**PROBLEM**
Below this sentence is a listing; return exactly its lines from the one with "Image of Boardwalk®" to the one with "American Staffordshire Terrier", both kept, and nothing more.

**INPUT**
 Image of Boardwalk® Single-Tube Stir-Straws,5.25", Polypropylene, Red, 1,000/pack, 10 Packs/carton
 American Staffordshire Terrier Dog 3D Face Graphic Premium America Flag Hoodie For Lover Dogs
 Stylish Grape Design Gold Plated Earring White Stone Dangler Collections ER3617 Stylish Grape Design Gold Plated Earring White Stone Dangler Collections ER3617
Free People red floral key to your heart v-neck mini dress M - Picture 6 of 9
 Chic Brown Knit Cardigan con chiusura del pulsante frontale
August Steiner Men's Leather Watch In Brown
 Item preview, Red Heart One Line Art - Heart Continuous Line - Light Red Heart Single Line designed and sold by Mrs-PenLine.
---
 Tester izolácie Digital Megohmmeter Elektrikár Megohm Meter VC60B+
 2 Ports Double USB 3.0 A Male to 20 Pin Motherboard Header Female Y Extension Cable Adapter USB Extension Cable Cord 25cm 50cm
==
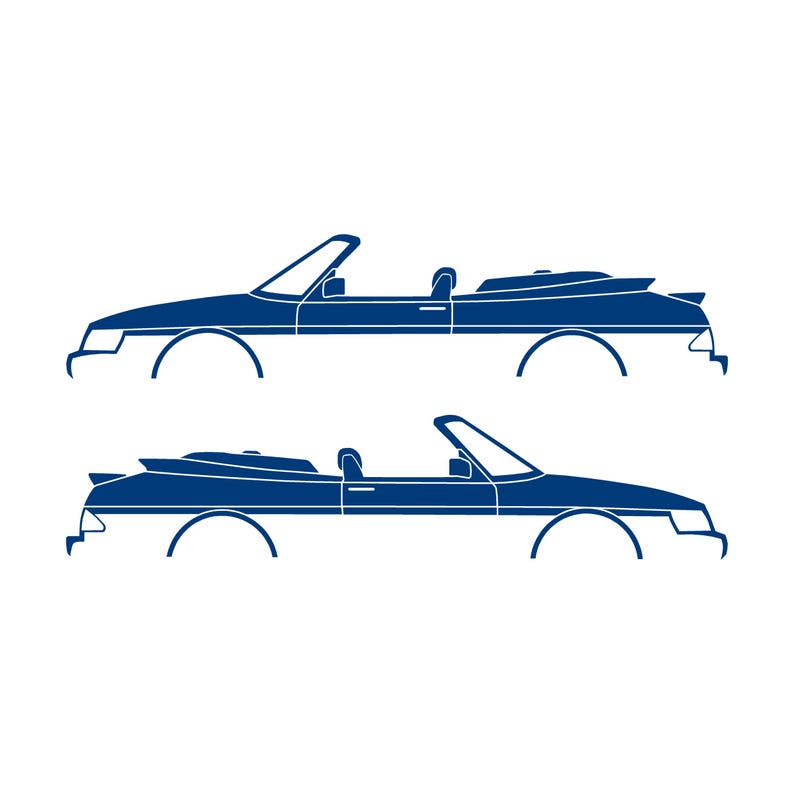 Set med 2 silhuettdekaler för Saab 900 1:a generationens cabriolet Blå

**SOLUTION**
 Image of Boardwalk® Single-Tube Stir-Straws,5.25", Polypropylene, Red, 1,000/pack, 10 Packs/carton
 American Staffordshire Terrier Dog 3D Face Graphic Premium America Flag Hoodie For Lover Dogs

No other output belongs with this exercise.